The program began with keynote speaker, Dr. David Schatz, YU professor of philosophy, discussing the concept of Hashgacha Pratis [Divine Providence] and continued with a number of presentations, including Rabbi Elly Storch of DRS on free will; Dr. Shira Weiss of Frisch on conflicts between the divine command of Akeidat Yitzchak and human morality; Rabbi Kenny Schiowitz of Ramaz on the evolution of Torah she’baal peh; Rabbi Noam Stein of The Margolin Hebrew Academy and Feinstone Yeshiva of the South on addressing ethically challenging topics in a liberal age; and Rabbi Gavriel Bechhoffer of MTA on questions about the world’s purpose. RIETS Rosh Yeshiva Rabbi Mayer Twersky closed the day by sharing approaches to educating towards greater faith.

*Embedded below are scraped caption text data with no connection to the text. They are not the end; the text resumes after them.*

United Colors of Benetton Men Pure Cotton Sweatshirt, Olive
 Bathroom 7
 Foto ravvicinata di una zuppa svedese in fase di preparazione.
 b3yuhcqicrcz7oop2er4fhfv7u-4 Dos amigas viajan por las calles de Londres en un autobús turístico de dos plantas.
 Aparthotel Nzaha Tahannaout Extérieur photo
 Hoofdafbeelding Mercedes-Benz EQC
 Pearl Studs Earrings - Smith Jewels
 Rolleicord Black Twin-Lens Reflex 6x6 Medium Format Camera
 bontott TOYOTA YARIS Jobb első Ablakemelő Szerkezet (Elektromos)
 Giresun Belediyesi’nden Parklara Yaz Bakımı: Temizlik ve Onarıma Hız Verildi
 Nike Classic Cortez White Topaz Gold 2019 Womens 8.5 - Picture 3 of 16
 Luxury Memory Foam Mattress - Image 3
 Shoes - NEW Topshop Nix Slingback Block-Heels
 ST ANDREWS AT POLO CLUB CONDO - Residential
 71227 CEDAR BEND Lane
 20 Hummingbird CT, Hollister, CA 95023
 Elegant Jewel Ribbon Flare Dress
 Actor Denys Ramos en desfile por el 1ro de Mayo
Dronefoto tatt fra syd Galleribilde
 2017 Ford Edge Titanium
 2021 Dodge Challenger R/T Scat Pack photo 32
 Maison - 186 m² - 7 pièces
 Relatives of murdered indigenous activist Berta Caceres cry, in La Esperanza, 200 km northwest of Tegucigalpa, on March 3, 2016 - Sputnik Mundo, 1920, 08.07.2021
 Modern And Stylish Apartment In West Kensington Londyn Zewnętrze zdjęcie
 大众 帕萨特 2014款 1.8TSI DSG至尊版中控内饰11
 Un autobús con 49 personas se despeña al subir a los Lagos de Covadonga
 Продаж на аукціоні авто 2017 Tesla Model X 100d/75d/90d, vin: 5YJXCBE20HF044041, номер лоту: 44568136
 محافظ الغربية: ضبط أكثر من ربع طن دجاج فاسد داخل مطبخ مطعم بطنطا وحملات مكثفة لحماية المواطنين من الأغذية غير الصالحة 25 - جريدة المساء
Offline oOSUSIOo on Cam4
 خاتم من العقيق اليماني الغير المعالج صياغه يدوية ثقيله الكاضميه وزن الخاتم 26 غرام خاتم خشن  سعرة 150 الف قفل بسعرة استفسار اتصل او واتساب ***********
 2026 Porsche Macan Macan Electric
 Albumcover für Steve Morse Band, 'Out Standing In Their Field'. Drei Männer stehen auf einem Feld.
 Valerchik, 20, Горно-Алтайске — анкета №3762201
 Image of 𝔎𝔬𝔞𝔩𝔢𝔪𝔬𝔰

The forum provided teachers with a rare opportunity to explore common challenges with peers and colleagues. “I believe that the thing that attracted so many people and that made the teachers enjoy the day so much was the topic,” said Schiowitz, who organized the program. “Teachers recognize the fact that it is not sufficient to simply teach the texts of the Talmud and Tanach. We need to address the philosophical questions of belief that students struggle with. Convenings such as this one will better prepare our teachers for this challenge.”

Recordings of a number of the presentations are available online.